Pictures stay out, but every line of the data is copied exactly.

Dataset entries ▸
-----

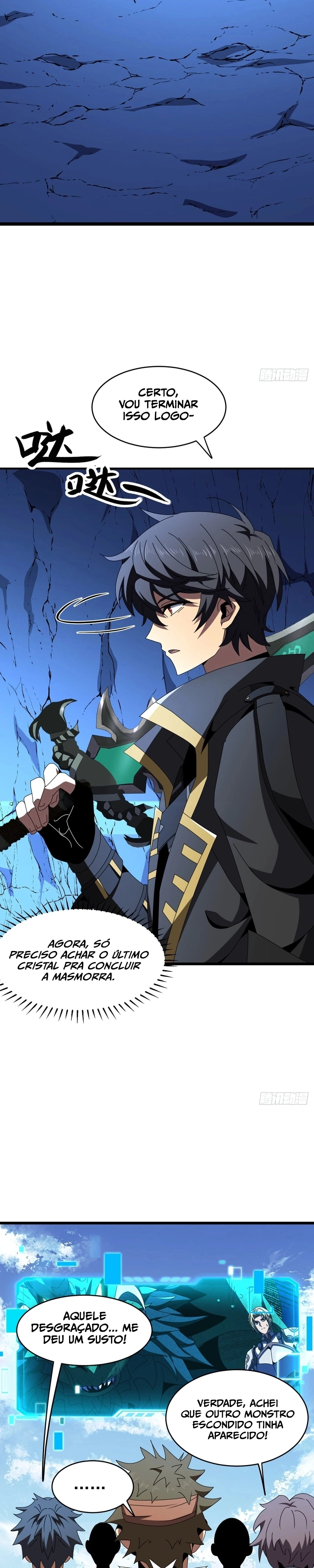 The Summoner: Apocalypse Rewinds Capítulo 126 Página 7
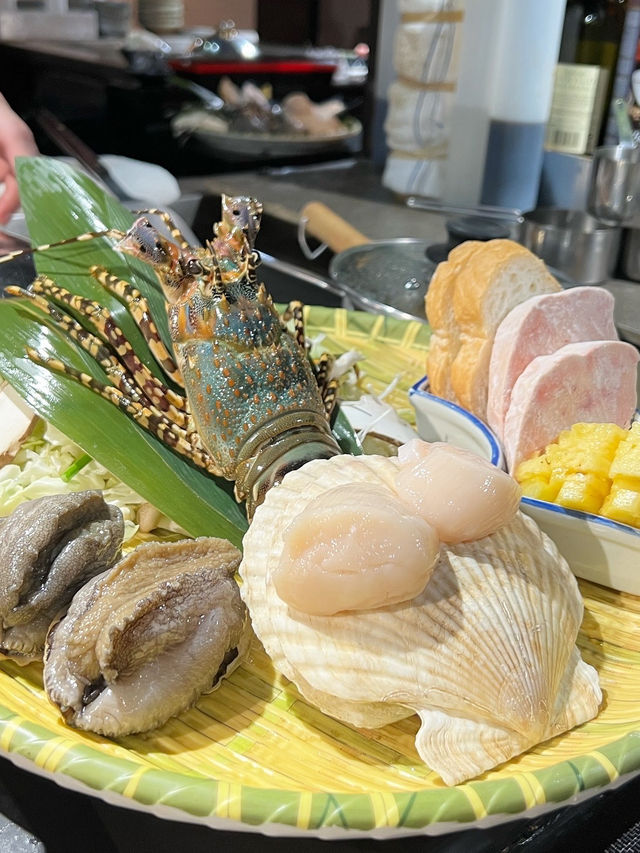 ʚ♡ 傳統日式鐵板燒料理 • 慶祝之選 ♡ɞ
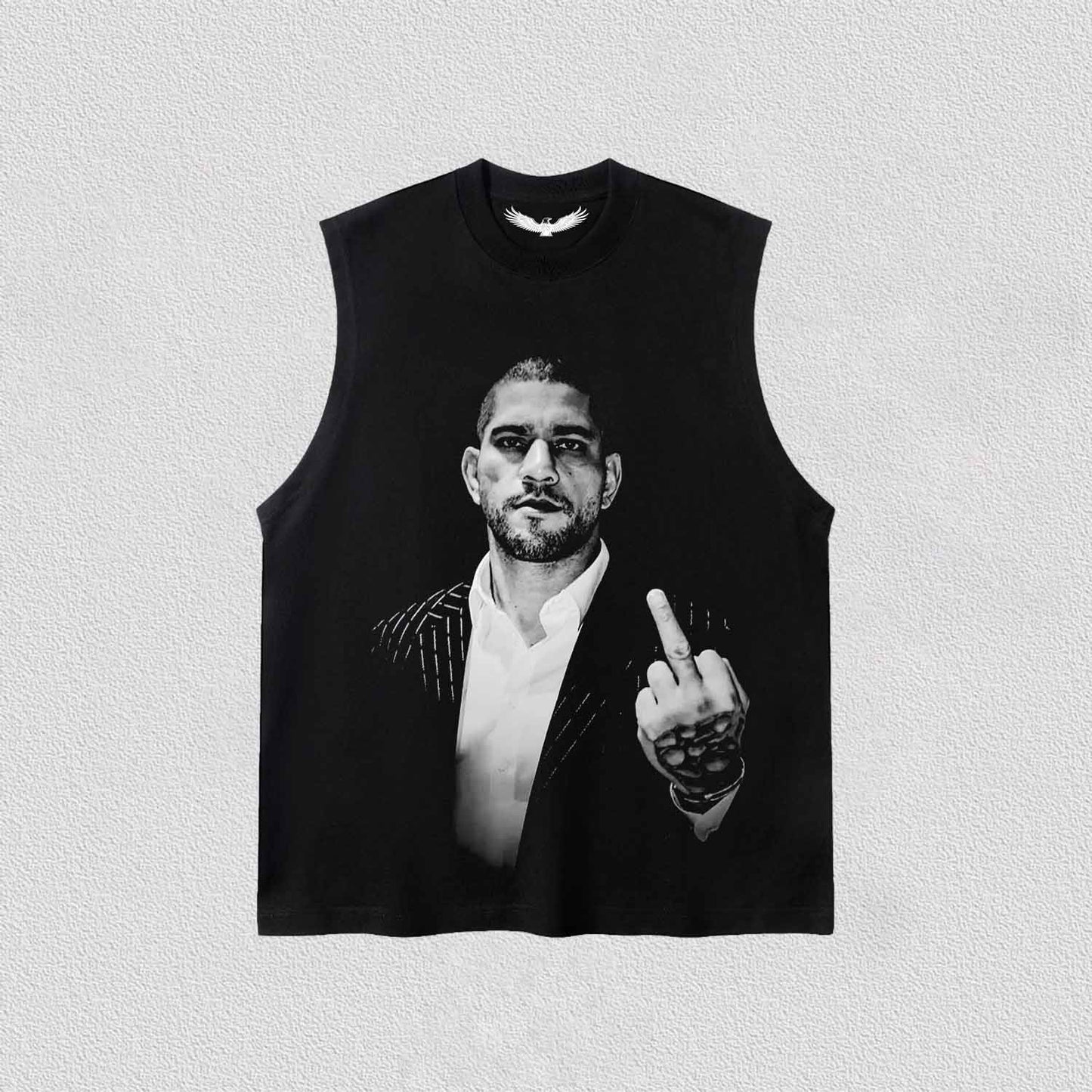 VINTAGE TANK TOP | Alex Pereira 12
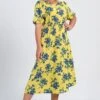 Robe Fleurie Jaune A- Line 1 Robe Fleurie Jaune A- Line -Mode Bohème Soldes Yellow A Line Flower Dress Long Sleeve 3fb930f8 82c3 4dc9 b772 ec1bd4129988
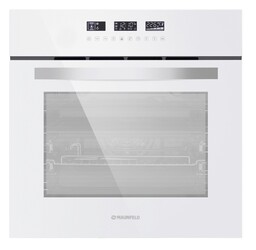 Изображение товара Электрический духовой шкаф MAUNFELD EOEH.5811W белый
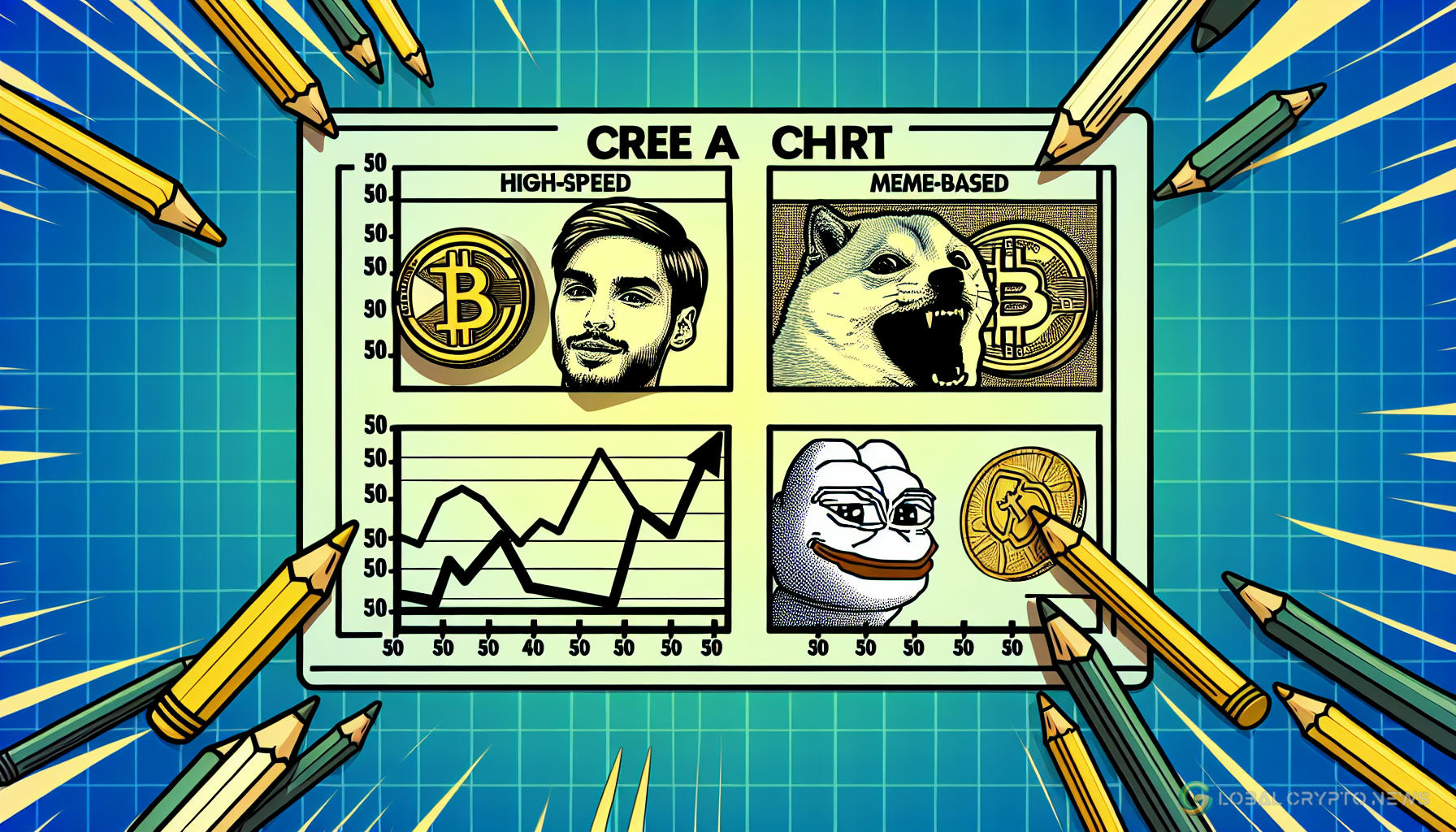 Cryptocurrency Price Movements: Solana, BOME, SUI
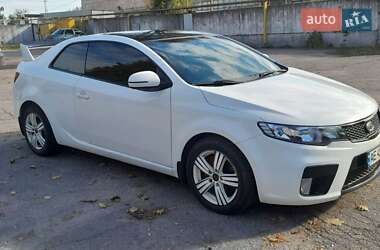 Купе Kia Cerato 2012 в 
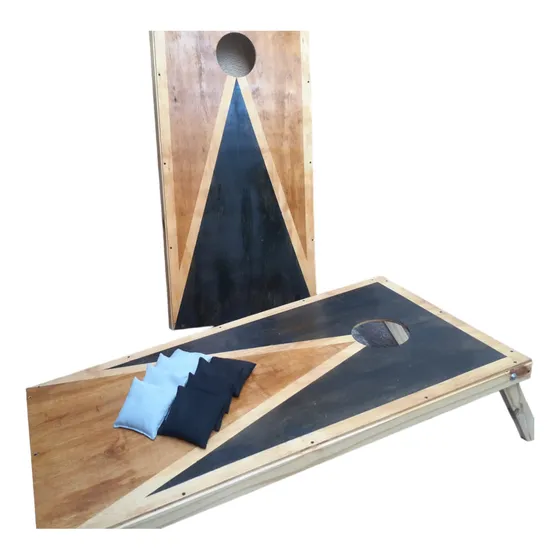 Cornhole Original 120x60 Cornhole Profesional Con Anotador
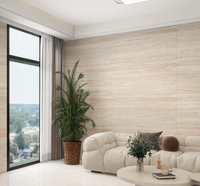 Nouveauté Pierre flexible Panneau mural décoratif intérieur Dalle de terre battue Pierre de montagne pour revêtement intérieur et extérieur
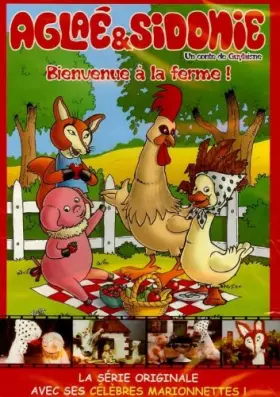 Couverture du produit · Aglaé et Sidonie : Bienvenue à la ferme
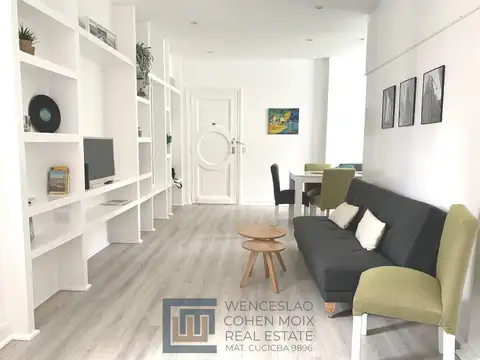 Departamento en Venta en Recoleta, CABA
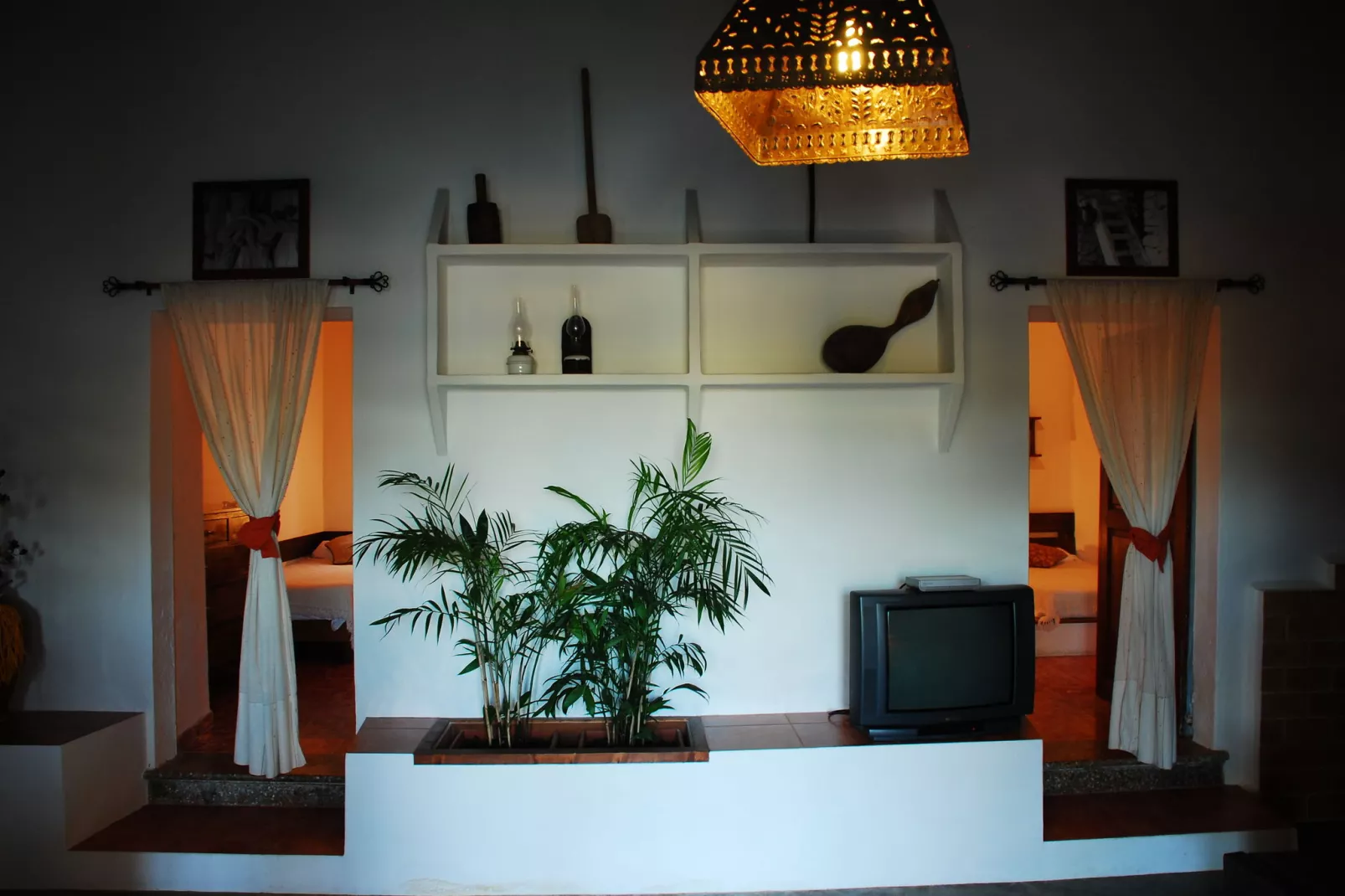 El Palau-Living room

-----

RESULT FOR THIS EXERCISE ▸
 The Summoner: Apocalypse Rewinds Capítulo 126 Página 7
 ʚ♡ 傳統日式鐵板燒料理 • 慶祝之選 ♡ɞ
 VINTAGE TANK TOP | Alex Pereira 12
 Robe Fleurie Jaune A- Line 1 Robe Fleurie Jaune A- Line -Mode Bohème Soldes Yellow A Line Flower Dress Long Sleeve 3fb930f8 82c3 4dc9 b772 ec1bd4129988
 Изображение товара Электрический духовой шкаф MAUNFELD EOEH.5811W белый
 Cryptocurrency Price Movements: Solana, BOME, SUI
 Купе Kia Cerato 2012 в 
 Cornhole Original 120x60 Cornhole Profesional Con Anotador
 Nouveauté Pierre flexible Panneau mural décoratif intérieur Dalle de terre battue Pierre de montagne pour revêtement intérieur et extérieur
 Couverture du produit · Aglaé et Sidonie : Bienvenue à la ferme
 Departamento en Venta en Recoleta, CABA
 El Palau-Living room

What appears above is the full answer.